◆ Work instruction:
With both ends included, repeat exactly the lines of the entries below from the one containing "Welcome to the" down to the one containing "We'll take a", and no others.
##### Provided entries #####
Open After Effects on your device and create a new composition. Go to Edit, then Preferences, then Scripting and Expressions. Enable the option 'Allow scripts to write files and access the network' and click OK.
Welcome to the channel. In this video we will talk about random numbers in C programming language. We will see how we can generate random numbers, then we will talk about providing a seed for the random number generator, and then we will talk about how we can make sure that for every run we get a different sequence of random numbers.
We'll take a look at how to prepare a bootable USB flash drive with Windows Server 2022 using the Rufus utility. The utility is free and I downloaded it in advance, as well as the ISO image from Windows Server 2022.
#####
##### Provided entries #####
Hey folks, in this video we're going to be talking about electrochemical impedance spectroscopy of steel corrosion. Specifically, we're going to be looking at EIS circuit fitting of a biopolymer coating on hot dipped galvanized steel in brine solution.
#####
◆ Exercise result:
Welcome to the channel. In this video we will talk about random numbers in C programming language. We will see how we can generate random numbers, then we will talk about providing a seed for the random number generator, and then we will talk about how we can make sure that for every run we get a different sequence of random numbers.
We'll take a look at how to prepare a bootable USB flash drive with Windows Server 2022 using the Rufus utility. The utility is free and I downloaded it in advance, as well as the ISO image from Windows Server 2022.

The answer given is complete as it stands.